Your task: Return every record verbatim, omitting all pictures.

*-*-*

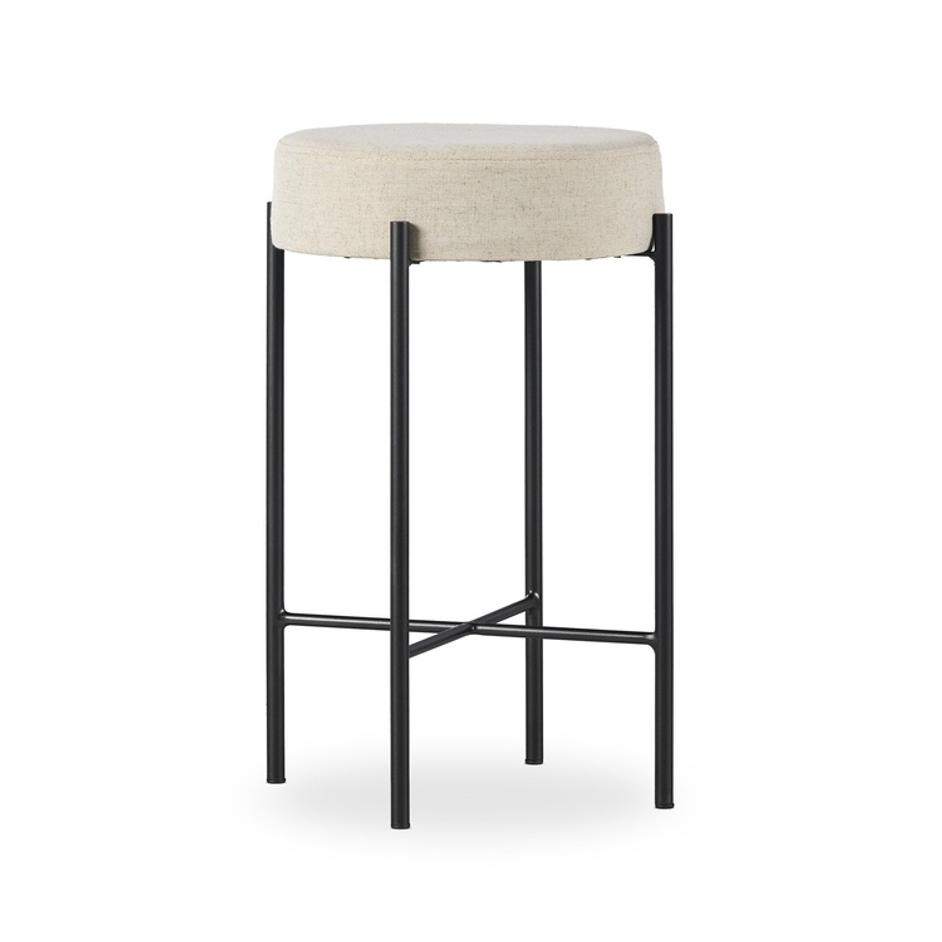 Nocona Bar + Counter Stool - Savile Flax by Four Hands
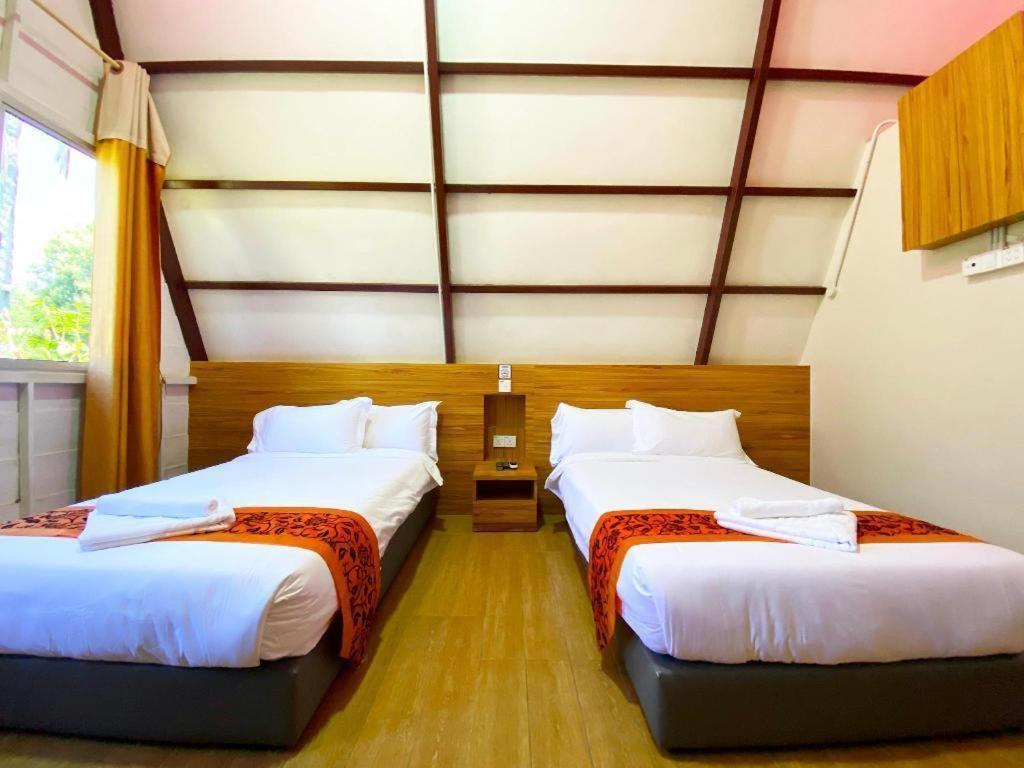 Dreamland Beach Holiday Kudat Exterior foto
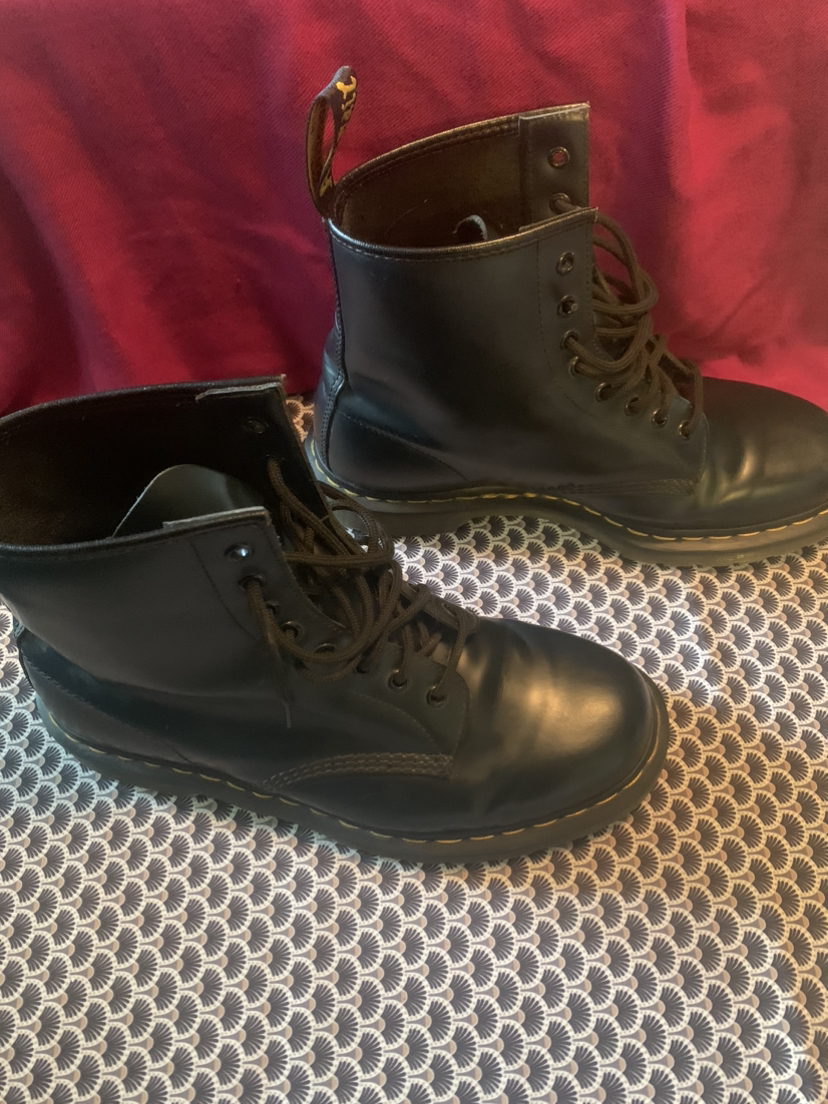 Dr Marten Men’s Boots size 10 - photo 5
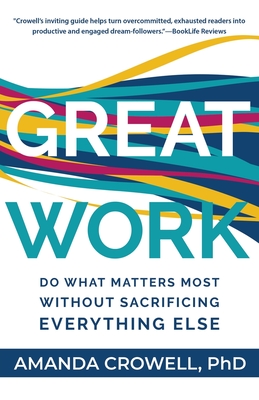 Cover for Great Work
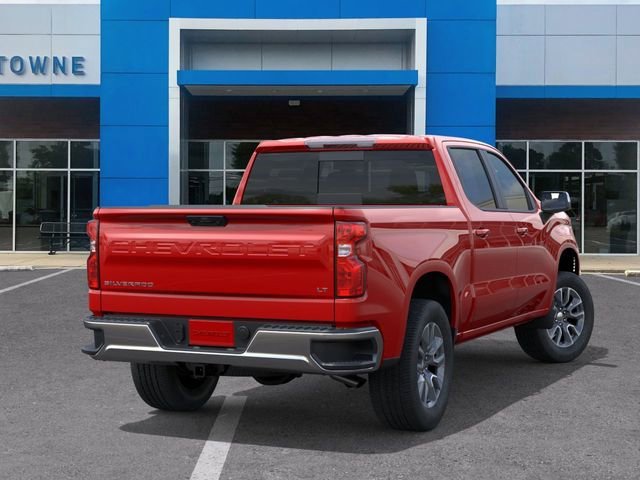 2026 Chevrolet Silverado 1500 LT - Photo 4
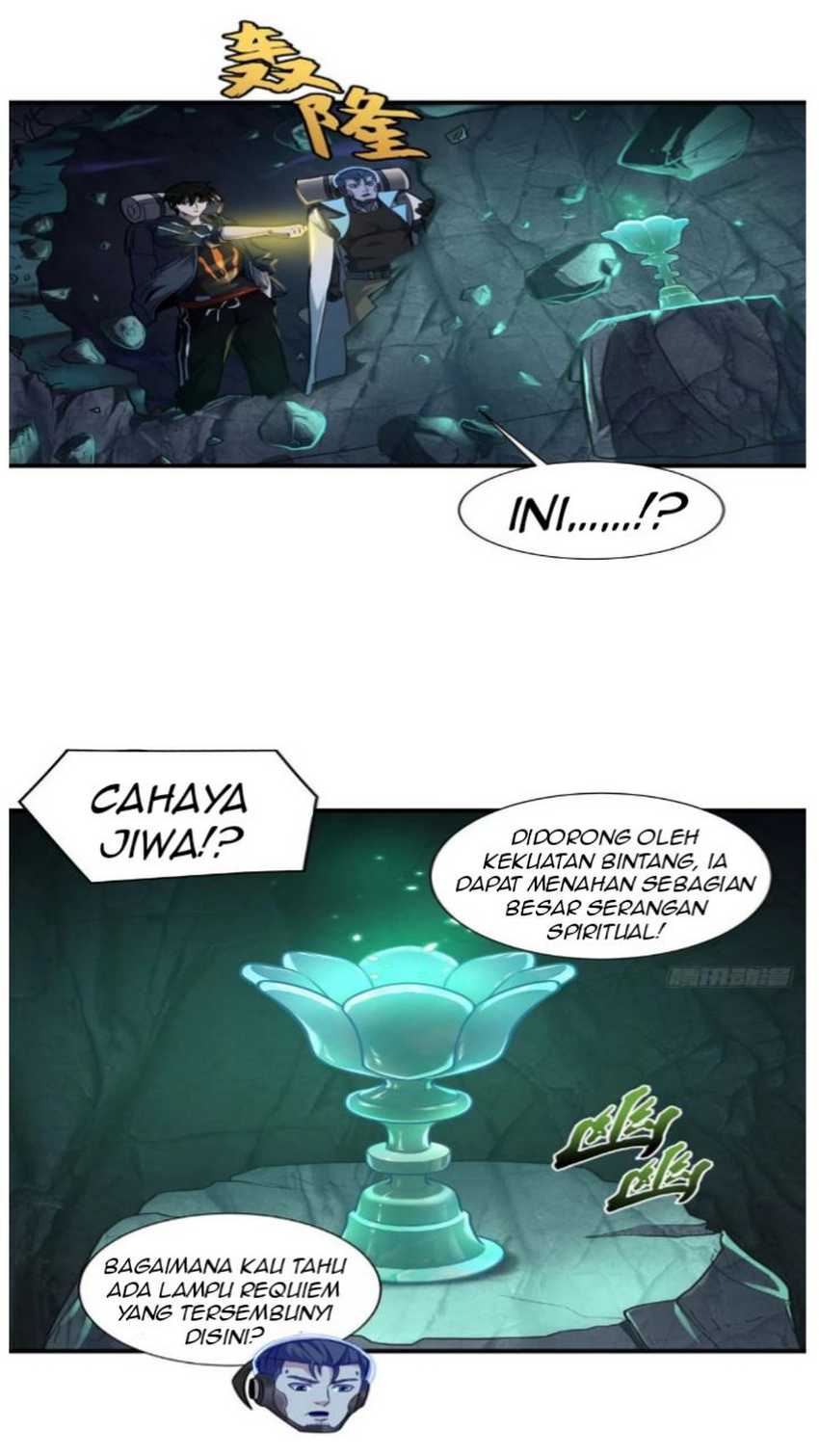 Super God Pet Shop Chapter 54 - halaman 33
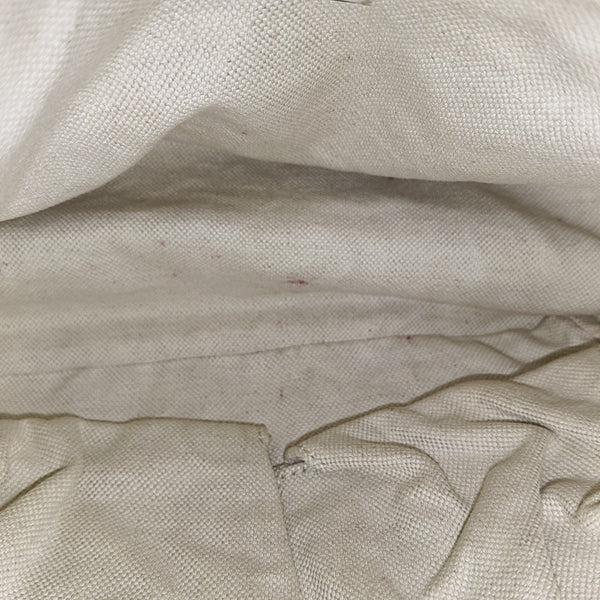 Bree Monogram Calfskin Beige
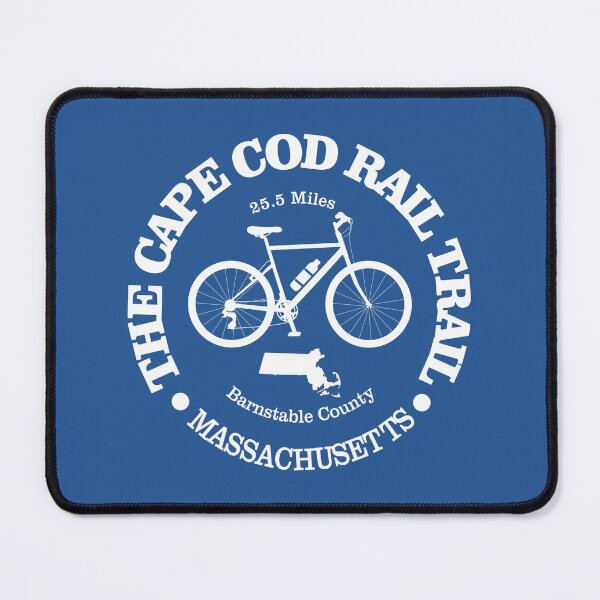 Item preview, Cape Cod Rail Trail (cycling) designed and sold by curranmorgan.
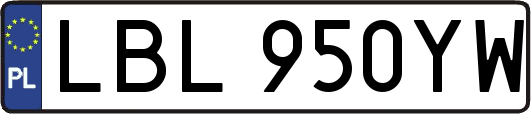 LBL950YW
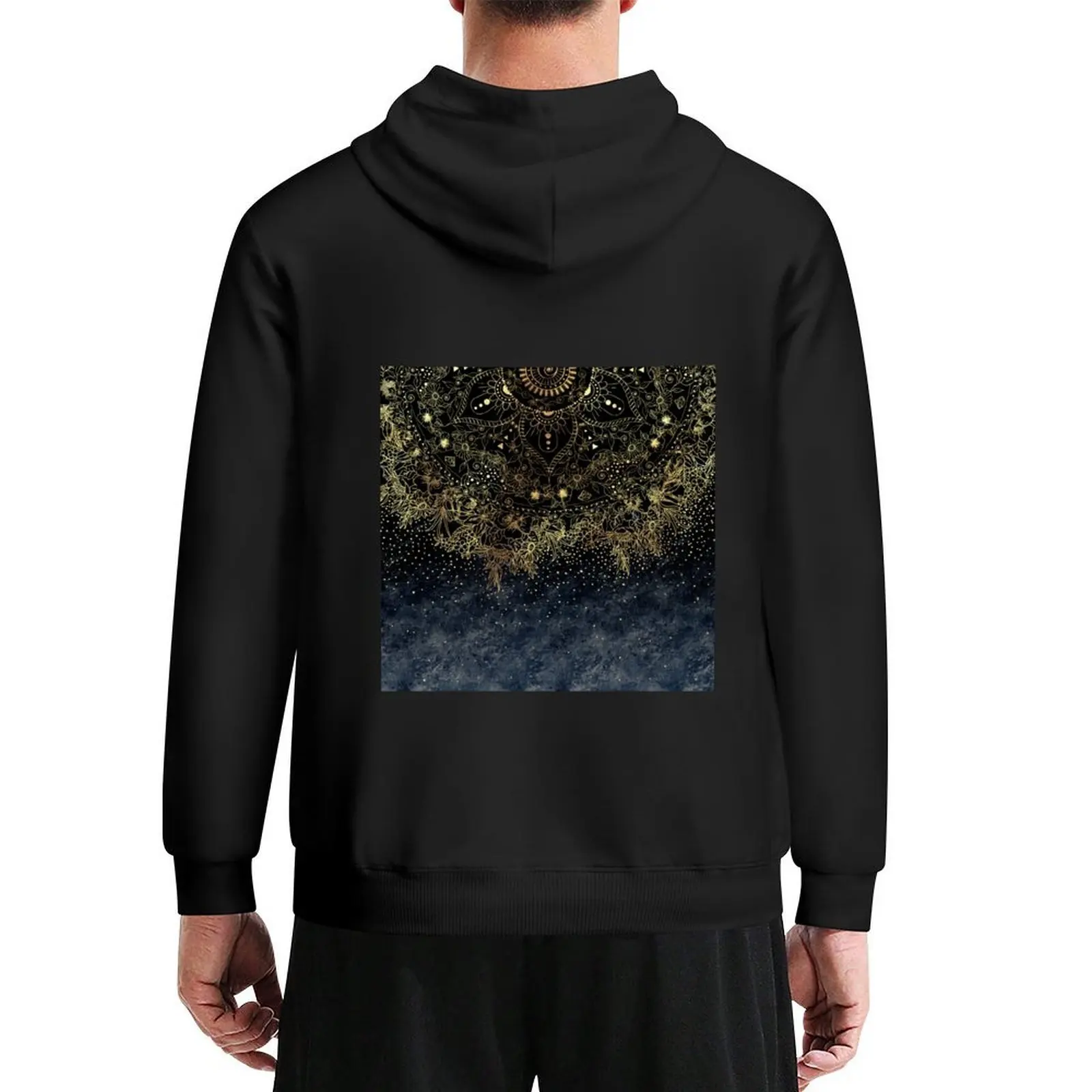 Stylish Gold floral mandala and confetti Hoodie mens clothing autumn new products men clothes autumn hoodie
Stylish Gold floral mandala and confetti Hoodie mens clothing autumn new products men clothes autumn hoodie
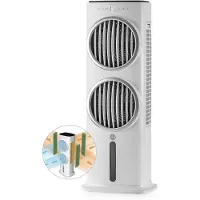 Macom Enjoy & Relax Power Double Wind Refroidisseur d'air évaporatif portable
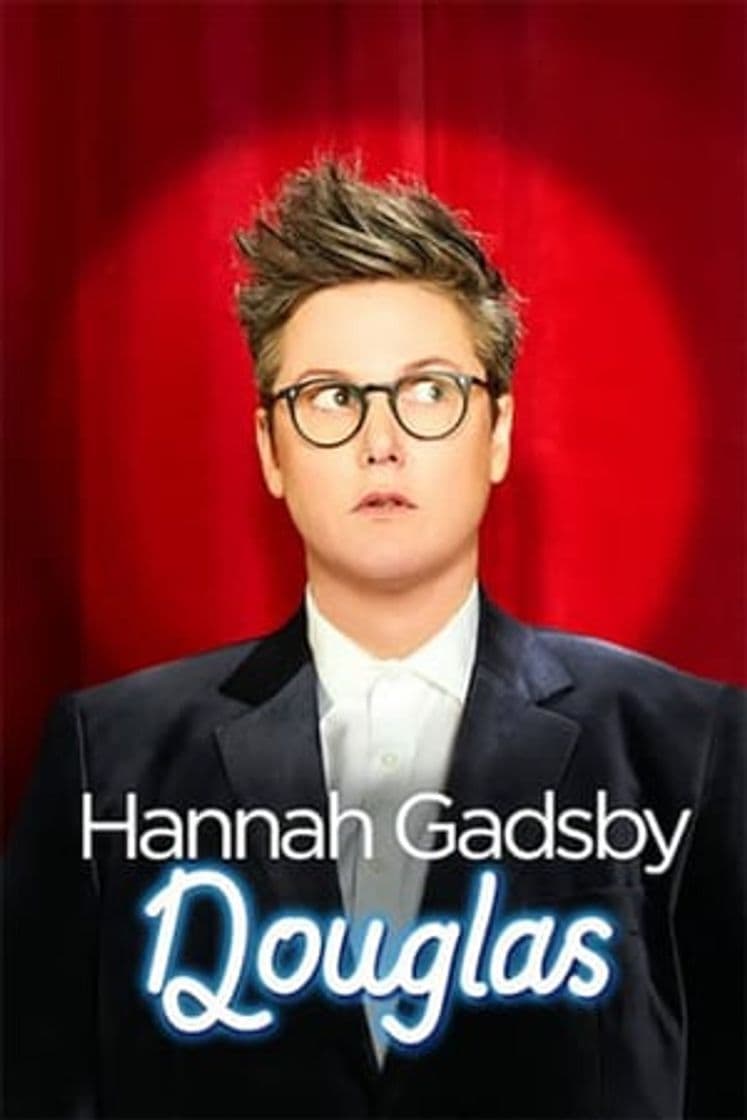 Movie Hannah Gadsby: Douglas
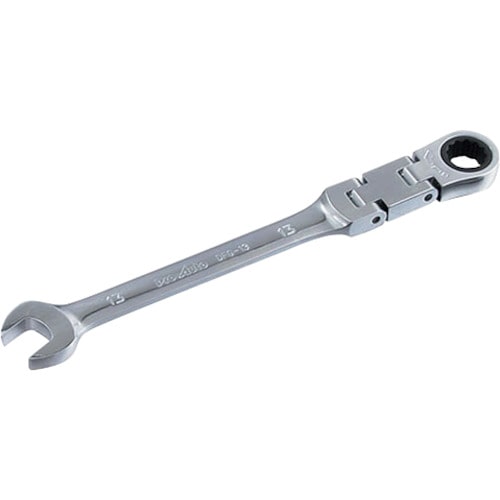 トラスコ中山 Pro-Auto フレックスダブルギアレンチ13mm(ご注文単位1個)【直送品】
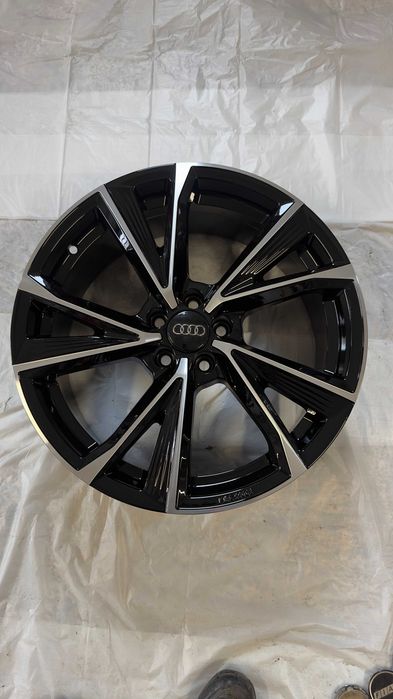 Jante 5x100 MG ZS Skoda Kamiq Scala Rapid   Taiga Taigun GMP 18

*-*-*

Answer area:
 Nocona Bar + Counter Stool - Savile Flax by Four Hands
 Dreamland Beach Holiday Kudat Exterior foto
 Dr Marten Men’s Boots size 10 - photo 5
 Cover for Great Work
 2026 Chevrolet Silverado 1500 LT - Photo 4
 Super God Pet Shop Chapter 54 - halaman 33
 Bree Monogram Calfskin Beige
 Item preview, Cape Cod Rail Trail (cycling) designed and sold by curranmorgan.
 LBL950YW
 Stylish Gold floral mandala and confetti Hoodie mens clothing autumn new products men clothes autumn hoodie
Stylish Gold floral mandala and confetti Hoodie mens clothing autumn new products men clothes autumn hoodie
 Macom Enjoy & Relax Power Double Wind Refroidisseur d'air évaporatif portable
 Movie Hannah Gadsby: Douglas
 トラスコ中山 Pro-Auto フレックスダブルギアレンチ13mm(ご注文単位1個)【直送品】
 Jante 5x100 MG ZS Skoda Kamiq Scala Rapid   Taiga Taigun GMP 18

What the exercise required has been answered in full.